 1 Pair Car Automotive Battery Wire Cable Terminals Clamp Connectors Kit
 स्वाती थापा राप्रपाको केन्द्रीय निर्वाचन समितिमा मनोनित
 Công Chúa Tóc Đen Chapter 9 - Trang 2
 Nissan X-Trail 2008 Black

--

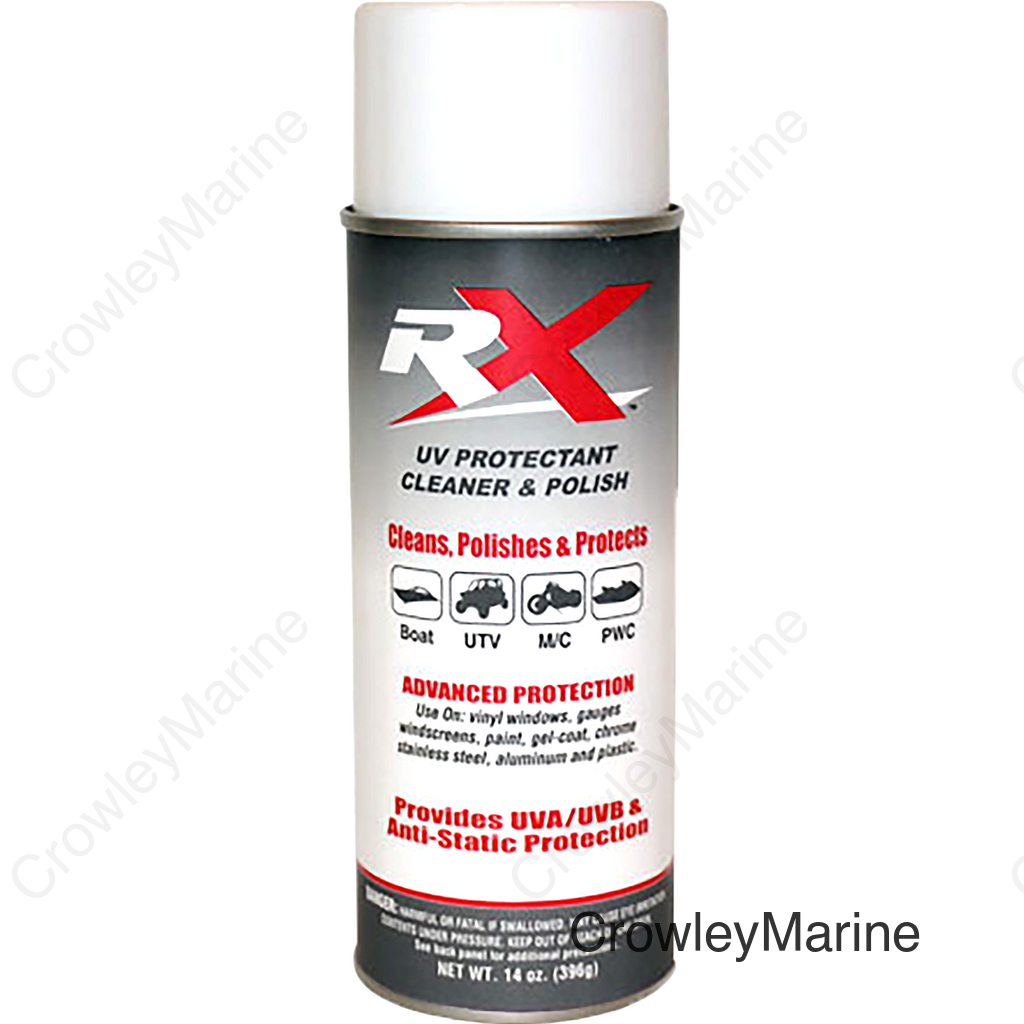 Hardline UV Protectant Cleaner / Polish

Work required
For the listing above, print only the lines starting at the line containing "Công Chúa Tóc Đen Chapter 9 - Trang 2" and ending at the line containing "Nissan X-Trail 2008 Black", exactly, both included.

Exercise result
 Công Chúa Tóc Đen Chapter 9 - Trang 2
 Nissan X-Trail 2008 Black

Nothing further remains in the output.